The Financial Industry Regulatory Authority has been intensifying efforts to crack down strongly on broker-dealers for poor e-mail oversight. In 2013, FINRA fined a financial advisory firm a whopping US$7.5 million for 35 significant failures in e-mail oversight over a five-year period and in 2017 a Broker-Dealer was fined $2 million for failing to properly supervise email messages. FINRA found that during a nine-year review period, the firm’s email review system was significantly flawed, allowing millions of emails to evade meaningful review. This created the unacceptable risk of such misconduct by firm employees going undetected.
The 2019 Report on Examination Findings and Observations released by FINRA brings to light the rapidly growing compliance challenges and risks for financial institutions in their increasing use of unified communication and collaboration tools. The report states, “If a firm permits its associated persons to use a particular application — for example, an app-based messaging service or a collaboration platform — the firm must preserve records of business-related communications and supervise the activities and communications of those persons on the application.”

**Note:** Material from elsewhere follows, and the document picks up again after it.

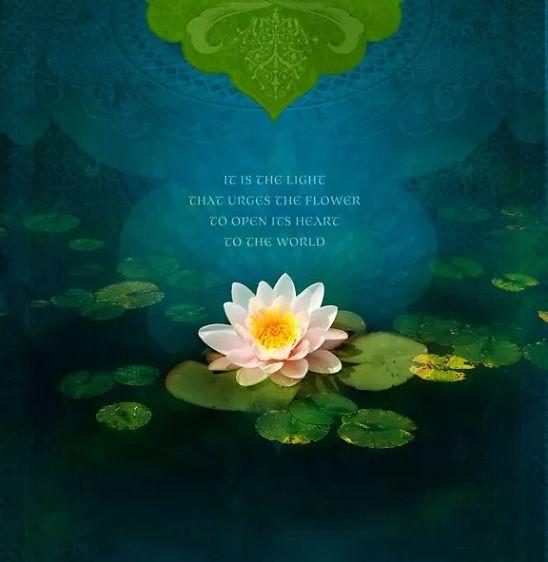 人有净气，风度自来-图片1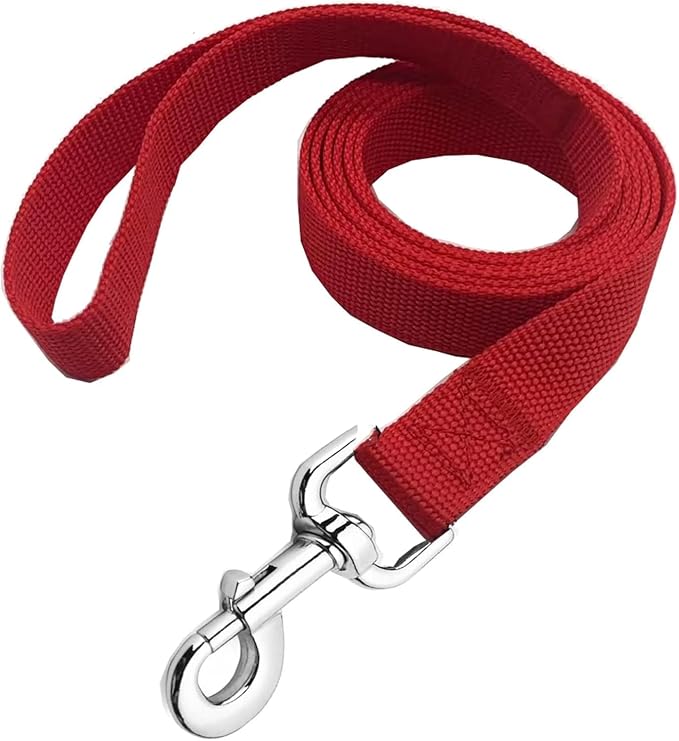 Strong Nylon Dog Leash, 4FT/ 5 FT/ 6FT Dog Leashes for Small Medium Dogs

Thus, it creates a mandate on broker-dealers to store e-mail correspondence and to form written policies and procedures regarding the e-mail review process considering the establishment’s size, structure, and customers.
The objective behind email surveillance is to make certain that the employees and C-level executives are not indulging in any transgression. Sometimes employees are found guaranteeing a rate of return and engaging in undisclosed external activities resulting in breach of SEC and FINRA regulations.
Email surveillance provides an opportunity to monitor employees’ adherence to the firm’s written communications policy but email surveillance can also serve as a tool to effectively ensure that they are not indulging in unlawful activities, including insider trading, sharing of proprietary information, distribution of unapproved and non-compliant marketing materials, and potentially fraudulent statements.
Since employees would know they are being watched, they are very unlikely to use obvious words. Therefore, compliance directors should prepare a list of words or phrases based on their discussions with business line managers and their other industry peers that they believe could be used by employees to game the email monitoring system.
For instance, checking e-mails for phrases such as “Let’s take this offline or let’s use my personal email’ are red flags that the employee could be engaged in an illegal activity.
The first step to the right compliance program is to use the right technology to ensure comprehensive and customizable reporting. There are some effective regulatory compliance programs in the market that offer Anti-Money Laundering (AML) screening software solutions and email archiving products to securely archive your business emails.
While choosing a service provider caution must be exercised to ensure the vendor has supervisory capabilities to automatically flag emails containing words or phrases that are likely to warrant a review. It is also important to note that regardless of the provider selected, it is the broker-dealers alone who are responsible for implementing an annual review of e-mails and storing the results. The review can be conducted either internally or through a third-party expert.
A review of the entire email oversight process should be done if the firm has been sanctioned, fined or being investigated for any other wrongdoing. FINRA will be checking into e-mail correspondence to determine whether the firm has violated any other regulations.